I've seen way too many accidents caused by self-centered people like you. In fact, there was one right down the street from my office not too long ago. The guy was doing around 100 in a 45 zone on a "quiet" street. He lost control (of his car I mean - he obviously never had any control of himself) and two innocent kids ended up being killed. But don't pay any attention to the countless stories you hear like this. It will never happen to you, you're a superhero! 

There's nothing quite like the invincibility fallacy, is there? 

/rant

--SONET


----------



## jdlsc (Jan 5, 2002)

SONET said:


> *105 in a 35?
> You, sir, are an idiot. If you feel like you need to prove yourself all the time, you should really be seeking a good therapist.
> 
> Don't get me wrong, I love driving fast. It's just that there's a time and place for everything. Driving like that is meant for the track, not some "quiet" neighborhood street.
> ...


Bravo!!!


----------



## SONET (Mar 1, 2002)

Sumptuous' profile:

*Biography:* I love to Street Race, I love Bimmers, and I love Drivin over 100 Mph on most any givin day/time lol 
*Interests:* Racing , Driving 
*Occupation:* The Liqour Biz

What a great combiniation of occupation and interests! I sure hope they never overlap. I'd hate to be the company that holds your life insurance policy.
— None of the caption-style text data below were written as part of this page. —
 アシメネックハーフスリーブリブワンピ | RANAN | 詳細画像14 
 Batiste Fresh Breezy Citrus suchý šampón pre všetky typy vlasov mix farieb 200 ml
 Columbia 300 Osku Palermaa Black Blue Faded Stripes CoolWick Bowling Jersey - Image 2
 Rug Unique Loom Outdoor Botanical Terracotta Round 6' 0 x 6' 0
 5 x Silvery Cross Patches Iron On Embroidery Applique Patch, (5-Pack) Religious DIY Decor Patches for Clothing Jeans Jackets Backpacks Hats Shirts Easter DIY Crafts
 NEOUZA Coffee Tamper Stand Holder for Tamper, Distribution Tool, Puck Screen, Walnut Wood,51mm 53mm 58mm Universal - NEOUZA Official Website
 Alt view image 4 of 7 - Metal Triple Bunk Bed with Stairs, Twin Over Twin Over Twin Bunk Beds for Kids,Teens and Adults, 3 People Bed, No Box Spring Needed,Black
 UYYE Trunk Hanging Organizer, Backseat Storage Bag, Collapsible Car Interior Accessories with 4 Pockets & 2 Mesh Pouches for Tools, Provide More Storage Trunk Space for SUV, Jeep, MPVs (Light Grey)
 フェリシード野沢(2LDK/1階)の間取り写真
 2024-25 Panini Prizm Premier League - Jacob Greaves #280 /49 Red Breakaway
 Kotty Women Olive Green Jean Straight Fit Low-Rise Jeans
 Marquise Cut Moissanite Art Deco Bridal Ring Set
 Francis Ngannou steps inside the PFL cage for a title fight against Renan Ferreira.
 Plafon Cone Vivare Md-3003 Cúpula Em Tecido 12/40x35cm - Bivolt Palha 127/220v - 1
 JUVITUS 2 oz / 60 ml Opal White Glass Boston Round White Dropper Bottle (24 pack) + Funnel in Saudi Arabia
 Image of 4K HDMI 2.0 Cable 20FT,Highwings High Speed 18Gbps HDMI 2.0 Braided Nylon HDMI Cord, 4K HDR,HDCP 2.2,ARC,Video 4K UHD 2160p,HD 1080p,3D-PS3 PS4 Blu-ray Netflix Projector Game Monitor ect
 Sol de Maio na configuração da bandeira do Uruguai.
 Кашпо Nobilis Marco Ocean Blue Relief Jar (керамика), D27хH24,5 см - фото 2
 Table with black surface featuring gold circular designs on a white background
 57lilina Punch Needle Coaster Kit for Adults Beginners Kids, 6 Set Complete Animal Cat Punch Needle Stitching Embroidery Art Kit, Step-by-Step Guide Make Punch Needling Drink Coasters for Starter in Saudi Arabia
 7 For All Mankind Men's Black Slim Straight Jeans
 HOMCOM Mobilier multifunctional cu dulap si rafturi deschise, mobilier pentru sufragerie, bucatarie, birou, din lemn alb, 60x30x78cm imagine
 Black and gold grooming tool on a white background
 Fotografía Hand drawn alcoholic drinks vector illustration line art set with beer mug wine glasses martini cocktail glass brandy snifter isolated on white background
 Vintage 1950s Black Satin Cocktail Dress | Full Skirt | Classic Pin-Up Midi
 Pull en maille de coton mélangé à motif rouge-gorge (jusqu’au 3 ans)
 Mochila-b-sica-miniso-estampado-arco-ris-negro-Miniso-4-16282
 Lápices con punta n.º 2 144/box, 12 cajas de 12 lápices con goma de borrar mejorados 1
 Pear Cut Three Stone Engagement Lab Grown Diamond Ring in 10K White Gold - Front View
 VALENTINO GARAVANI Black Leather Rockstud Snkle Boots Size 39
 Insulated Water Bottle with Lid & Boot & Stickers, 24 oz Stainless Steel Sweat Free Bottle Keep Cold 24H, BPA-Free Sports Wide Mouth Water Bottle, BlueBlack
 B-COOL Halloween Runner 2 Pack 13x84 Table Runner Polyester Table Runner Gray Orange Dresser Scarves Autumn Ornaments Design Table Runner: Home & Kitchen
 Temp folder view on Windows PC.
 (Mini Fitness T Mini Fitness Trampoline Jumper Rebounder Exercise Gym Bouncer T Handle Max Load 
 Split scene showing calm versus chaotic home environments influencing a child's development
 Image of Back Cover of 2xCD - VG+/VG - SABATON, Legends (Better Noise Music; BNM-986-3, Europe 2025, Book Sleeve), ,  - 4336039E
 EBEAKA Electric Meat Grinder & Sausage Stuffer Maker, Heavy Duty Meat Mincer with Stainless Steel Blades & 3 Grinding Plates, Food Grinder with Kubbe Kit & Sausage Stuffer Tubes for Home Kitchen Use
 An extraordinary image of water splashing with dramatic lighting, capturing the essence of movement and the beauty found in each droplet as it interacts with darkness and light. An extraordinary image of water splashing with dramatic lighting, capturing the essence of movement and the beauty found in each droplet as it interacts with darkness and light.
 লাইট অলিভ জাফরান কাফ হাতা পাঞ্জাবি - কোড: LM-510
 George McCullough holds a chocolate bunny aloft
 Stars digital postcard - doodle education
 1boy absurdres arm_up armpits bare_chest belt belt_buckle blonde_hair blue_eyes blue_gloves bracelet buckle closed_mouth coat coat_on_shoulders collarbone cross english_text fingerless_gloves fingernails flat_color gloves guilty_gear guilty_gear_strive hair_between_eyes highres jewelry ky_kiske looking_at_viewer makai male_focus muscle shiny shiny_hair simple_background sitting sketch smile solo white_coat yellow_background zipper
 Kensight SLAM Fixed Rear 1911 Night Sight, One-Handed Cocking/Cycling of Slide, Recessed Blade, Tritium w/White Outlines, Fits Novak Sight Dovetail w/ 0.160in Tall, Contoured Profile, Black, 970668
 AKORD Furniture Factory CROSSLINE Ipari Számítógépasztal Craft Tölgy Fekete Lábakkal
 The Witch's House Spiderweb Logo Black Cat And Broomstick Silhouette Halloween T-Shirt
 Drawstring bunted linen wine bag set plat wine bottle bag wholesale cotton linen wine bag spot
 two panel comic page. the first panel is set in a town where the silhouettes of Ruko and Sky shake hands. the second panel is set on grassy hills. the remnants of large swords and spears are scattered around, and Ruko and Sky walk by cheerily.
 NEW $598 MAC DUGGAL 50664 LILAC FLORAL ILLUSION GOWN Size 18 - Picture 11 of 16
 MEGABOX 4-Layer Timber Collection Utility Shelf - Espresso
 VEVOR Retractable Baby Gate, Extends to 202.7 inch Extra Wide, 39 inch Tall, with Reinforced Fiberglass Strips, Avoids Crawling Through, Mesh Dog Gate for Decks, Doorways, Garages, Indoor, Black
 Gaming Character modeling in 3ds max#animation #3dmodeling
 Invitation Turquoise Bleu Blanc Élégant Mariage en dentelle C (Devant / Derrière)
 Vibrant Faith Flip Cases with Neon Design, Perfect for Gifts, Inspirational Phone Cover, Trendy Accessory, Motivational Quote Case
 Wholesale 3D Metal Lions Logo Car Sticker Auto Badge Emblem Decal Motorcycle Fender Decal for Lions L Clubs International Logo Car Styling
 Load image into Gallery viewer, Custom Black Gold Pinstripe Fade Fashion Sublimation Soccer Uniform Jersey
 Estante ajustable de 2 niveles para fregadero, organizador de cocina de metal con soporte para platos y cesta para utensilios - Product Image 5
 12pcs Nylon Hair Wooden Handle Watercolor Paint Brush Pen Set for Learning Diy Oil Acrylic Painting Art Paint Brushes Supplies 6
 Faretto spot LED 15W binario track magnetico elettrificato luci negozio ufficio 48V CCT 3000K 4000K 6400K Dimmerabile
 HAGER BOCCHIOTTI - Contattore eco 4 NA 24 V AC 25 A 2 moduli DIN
Note to self: Stay out of Encino and surrounding areas. Warn family and friends that live in the vacinity to avoid "quiet streets" at all costs. 

--SONET


----------



## jdlsc (Jan 5, 2002)

Most of his posts are peppered with vulger language, kiddie Internet Chat lingo and referneces to driving insanely fast (probably a safe assumption that the high speeds occurred on public streets and not on the track since he is a self professed lover of street racing).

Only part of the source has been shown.